仕立てる前の仮絵羽状態で、絵羽物の身丈は4尺5寸から4尺7寸(170cm~178cm)ある。女性の着物の身丈は、身長位が標準なので、たいていの女性は内揚をして十分に仕立てられる。身長160cmの人が仕立てようとする訪問着の身丈が170cmの場合、10cm短くするために5cmつまんで内揚をする。
絵羽物は身丈(裁ち切り)を十分に採ってあるので余程の長身でなければ身丈は十分に伸ばすことができる。身長175cmを超えるバレーボール選手のような背の高い人の場合は仕立てられない事もある。この場合は別染等で対応することになるが、これは例外として考える。
次に、仕立て替えで袖丈を変更する場合、変更しようとする袖丈ができるのかどうかも着物を解く前に検証しなければならない。
仕立て替え後の袖丈の寸法が以前のそれよりも短ければ問題はない。言わば、袖丈を縫い詰めるだけなので、袖丈は十分に確保できる。しかし、袖丈を長くしようとする場合、いくつかの問題がある。
まず、袖丈が確保できるかどうかは解いてみれば分かる。
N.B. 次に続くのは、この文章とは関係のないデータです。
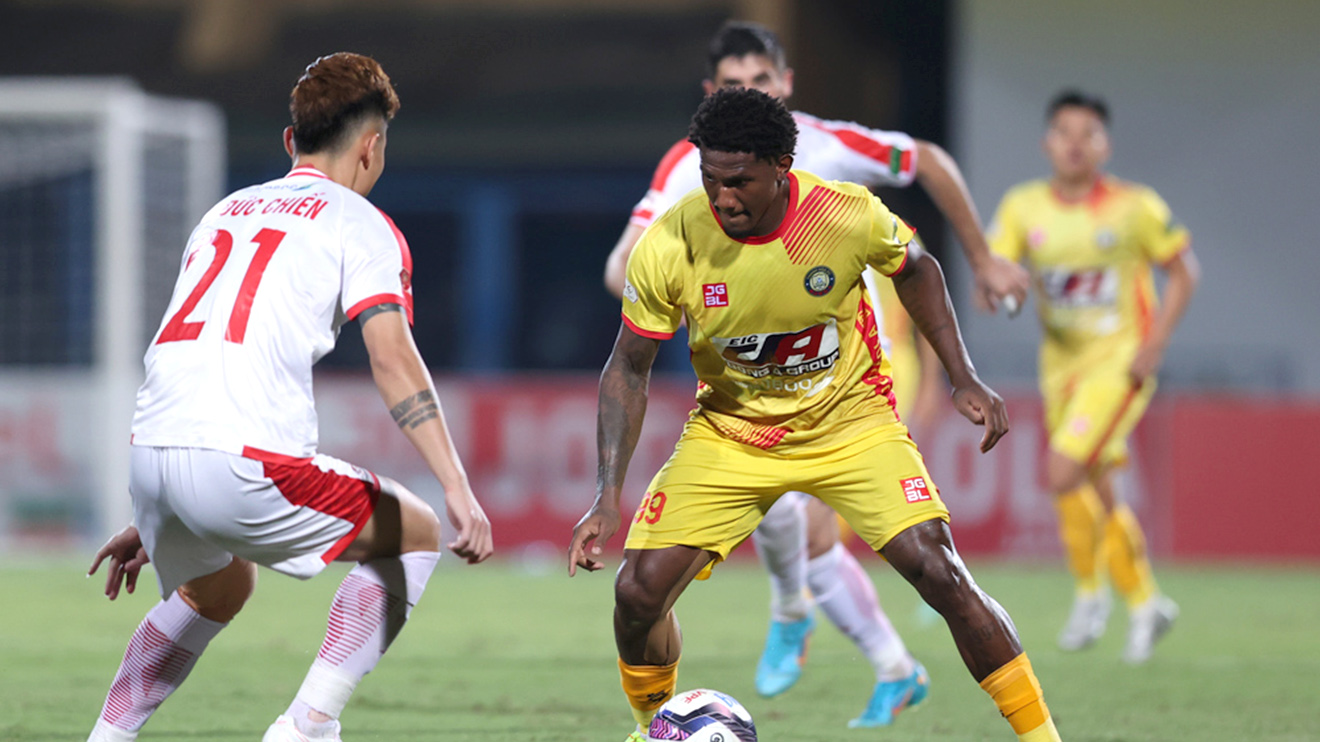 Trần Công Minh, HLV Trần Công Minh, Vleague, Hà Nội FC, Topenland Bình Định, Hải Phòng, lịch thi đấu vleague 2022, bxh vleague, thanh hóa vs tphcm, hagl vs bình định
1尺4寸の袖丈に仕立てようとする場合、洗い張りした袖の長さが、1尺4寸×2+縫い代があれば仕立て替えができる。しかし、洗い張りをして袖を図ってみたら袖丈の寸法が足りなかったでは仕立て替えはできない。通常、仕立て替えて袖丈を伸ばそうとする場合、袖先にどれだけ余分に縫い込んであるかを触って検証する。
1尺3寸の袖丈を1尺4寸にしようとした場合、1寸3分程度の縫い込みがあれば仕立て替えができる。しかし、怪しい場合は袖先の一部を解いて縫い込みが実際どれだけあるのかを実測してみる。それで仕立て替えをするかどうかを判断することはよくある。
注意しなければならないのは、古い着物の袖丈を伸ばす場合、袖先の折痕が残らないかどうかの判断である。
着古した紬の場合、袖先が擦り切れている場合がある。その場合、十分な縫い込みがあったとしても、袖丈を伸ばせば袖の先に擦り切れた線が入ってしまう。このような場合、前と全く同じ袖丈で仕立て替えようとしても、擦り切れて仕立てられない場合もある。袖先の同じところをもう一度縫うのが難しくなるからである。そんな時には普段着であれば、袖丈を少々短く仕立てることもある。擦り切れを避けて仕立てられるぎりぎりの線で仕立てる。いくらか袖丈が短くなってしまい襦袢の袖丈と合わなくなってしまうが、着られないことはない。